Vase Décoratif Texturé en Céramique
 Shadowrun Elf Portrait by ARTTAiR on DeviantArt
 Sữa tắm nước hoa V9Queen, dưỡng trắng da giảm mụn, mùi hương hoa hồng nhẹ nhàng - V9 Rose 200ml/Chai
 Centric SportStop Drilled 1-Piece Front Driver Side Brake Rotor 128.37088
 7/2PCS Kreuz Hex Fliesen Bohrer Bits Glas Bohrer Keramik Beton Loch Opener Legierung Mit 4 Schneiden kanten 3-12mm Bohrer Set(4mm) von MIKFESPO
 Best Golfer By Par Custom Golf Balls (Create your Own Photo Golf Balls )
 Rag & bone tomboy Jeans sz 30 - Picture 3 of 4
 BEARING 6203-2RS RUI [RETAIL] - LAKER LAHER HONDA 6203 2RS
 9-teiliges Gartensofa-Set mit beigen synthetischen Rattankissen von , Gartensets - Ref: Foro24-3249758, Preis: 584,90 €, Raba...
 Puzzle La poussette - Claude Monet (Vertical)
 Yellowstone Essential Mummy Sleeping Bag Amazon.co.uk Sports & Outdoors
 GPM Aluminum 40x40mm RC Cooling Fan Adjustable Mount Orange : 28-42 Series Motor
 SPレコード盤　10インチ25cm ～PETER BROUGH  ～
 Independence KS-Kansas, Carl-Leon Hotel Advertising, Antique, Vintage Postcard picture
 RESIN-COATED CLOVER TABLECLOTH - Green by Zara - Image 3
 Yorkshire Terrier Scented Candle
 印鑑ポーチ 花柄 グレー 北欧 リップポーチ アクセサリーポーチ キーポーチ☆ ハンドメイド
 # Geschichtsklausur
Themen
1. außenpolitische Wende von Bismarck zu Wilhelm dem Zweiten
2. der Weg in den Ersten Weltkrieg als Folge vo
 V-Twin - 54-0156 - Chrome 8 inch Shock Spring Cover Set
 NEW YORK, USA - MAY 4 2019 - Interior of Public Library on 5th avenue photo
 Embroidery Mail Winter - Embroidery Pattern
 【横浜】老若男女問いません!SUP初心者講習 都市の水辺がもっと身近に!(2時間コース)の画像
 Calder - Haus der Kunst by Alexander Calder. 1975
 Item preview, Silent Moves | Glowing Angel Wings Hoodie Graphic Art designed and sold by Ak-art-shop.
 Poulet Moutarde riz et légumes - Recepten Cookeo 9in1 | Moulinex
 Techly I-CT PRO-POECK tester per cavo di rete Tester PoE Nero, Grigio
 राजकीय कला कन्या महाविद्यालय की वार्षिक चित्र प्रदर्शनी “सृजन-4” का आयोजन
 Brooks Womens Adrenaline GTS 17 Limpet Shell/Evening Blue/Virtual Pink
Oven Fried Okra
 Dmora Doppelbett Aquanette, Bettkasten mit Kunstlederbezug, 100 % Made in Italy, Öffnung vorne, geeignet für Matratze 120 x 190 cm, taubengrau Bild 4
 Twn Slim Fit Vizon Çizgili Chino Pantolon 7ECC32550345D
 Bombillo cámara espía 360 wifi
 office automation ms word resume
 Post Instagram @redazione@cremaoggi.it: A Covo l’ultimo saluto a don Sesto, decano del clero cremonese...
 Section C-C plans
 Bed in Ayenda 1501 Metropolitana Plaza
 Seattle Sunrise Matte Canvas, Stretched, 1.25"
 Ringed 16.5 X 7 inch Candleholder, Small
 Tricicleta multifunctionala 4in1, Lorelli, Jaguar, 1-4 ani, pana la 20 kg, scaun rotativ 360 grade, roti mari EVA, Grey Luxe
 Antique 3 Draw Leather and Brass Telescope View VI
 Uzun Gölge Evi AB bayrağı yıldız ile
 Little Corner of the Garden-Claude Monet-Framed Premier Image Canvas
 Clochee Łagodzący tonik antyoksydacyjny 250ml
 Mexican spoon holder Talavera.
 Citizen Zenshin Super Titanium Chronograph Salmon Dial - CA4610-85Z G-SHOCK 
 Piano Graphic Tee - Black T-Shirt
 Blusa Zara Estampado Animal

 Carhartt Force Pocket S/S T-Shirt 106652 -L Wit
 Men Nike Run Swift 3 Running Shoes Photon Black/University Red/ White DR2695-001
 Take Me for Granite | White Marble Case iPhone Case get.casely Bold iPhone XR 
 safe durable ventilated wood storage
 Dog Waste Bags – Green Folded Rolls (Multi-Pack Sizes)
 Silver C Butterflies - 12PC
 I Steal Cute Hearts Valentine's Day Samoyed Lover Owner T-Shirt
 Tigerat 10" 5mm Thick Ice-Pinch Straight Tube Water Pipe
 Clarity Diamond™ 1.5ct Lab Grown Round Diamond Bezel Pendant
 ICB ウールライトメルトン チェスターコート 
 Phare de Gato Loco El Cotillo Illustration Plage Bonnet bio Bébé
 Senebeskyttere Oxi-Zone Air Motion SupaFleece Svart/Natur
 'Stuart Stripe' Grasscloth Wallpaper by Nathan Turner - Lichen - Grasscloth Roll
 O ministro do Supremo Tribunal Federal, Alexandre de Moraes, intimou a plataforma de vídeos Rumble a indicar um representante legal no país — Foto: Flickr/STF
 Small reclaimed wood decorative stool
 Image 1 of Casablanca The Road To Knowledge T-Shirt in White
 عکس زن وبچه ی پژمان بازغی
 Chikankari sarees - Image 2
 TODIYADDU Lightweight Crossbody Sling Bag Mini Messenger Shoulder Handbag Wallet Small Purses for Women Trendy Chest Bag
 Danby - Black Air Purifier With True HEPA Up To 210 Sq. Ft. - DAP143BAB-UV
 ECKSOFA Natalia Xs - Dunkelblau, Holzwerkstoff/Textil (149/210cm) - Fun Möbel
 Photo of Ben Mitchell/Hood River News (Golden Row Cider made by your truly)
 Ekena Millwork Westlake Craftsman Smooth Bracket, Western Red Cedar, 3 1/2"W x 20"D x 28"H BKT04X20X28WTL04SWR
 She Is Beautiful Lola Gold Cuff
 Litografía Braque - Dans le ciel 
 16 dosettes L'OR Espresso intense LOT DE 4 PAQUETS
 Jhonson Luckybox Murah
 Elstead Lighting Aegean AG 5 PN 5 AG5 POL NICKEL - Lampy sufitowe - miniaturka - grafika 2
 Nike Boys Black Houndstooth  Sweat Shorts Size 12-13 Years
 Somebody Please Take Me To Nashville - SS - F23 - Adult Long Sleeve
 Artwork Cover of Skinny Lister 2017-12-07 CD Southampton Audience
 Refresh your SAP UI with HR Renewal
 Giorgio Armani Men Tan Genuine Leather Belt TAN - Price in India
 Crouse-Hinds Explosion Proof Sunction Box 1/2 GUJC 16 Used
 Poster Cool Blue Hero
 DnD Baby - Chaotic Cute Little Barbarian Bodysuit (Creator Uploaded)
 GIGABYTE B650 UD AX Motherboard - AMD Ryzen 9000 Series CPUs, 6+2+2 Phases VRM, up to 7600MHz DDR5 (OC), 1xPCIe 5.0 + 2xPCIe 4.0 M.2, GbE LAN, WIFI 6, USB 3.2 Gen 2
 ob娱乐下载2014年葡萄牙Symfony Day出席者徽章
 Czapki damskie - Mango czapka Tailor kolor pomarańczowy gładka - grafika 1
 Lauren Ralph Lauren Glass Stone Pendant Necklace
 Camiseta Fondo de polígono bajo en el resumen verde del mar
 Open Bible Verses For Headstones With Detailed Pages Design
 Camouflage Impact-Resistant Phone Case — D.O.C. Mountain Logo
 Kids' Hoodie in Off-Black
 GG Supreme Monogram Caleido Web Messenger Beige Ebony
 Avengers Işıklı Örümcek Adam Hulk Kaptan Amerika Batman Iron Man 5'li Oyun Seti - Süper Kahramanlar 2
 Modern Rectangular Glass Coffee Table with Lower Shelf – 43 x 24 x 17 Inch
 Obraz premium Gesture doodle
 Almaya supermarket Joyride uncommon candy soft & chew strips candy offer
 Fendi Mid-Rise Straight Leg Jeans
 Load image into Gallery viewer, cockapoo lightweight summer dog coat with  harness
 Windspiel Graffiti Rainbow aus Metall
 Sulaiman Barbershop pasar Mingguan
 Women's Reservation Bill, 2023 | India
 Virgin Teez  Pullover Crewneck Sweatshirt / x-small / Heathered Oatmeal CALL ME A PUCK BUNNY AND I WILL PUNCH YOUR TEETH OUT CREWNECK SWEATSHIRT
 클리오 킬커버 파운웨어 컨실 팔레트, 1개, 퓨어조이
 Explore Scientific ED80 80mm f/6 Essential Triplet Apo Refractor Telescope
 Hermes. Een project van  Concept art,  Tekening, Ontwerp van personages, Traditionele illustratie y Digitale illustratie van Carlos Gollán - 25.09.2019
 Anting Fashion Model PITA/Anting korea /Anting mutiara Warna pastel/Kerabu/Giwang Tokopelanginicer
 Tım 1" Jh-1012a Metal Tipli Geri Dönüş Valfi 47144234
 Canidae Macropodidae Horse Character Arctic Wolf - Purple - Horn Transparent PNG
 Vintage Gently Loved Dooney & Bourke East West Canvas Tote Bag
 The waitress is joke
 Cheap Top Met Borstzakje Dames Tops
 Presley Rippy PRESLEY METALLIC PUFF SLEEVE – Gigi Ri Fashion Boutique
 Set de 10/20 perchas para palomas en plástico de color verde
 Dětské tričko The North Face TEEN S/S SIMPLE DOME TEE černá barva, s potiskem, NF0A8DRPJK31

*What you have to do*
Word for word, restate the lines of the data above that fall between the line holding "Canidae Macropodidae Horse" and the line holding "Set de 10/20", inclusive, and no other lines.

*Answer section*
 Canidae Macropodidae Horse Character Arctic Wolf - Purple - Horn Transparent PNG
 Vintage Gently Loved Dooney & Bourke East West Canvas Tote Bag
 The waitress is joke
 Cheap Top Met Borstzakje Dames Tops
 Presley Rippy PRESLEY METALLIC PUFF SLEEVE – Gigi Ri Fashion Boutique
 Set de 10/20 perchas para palomas en plástico de color verde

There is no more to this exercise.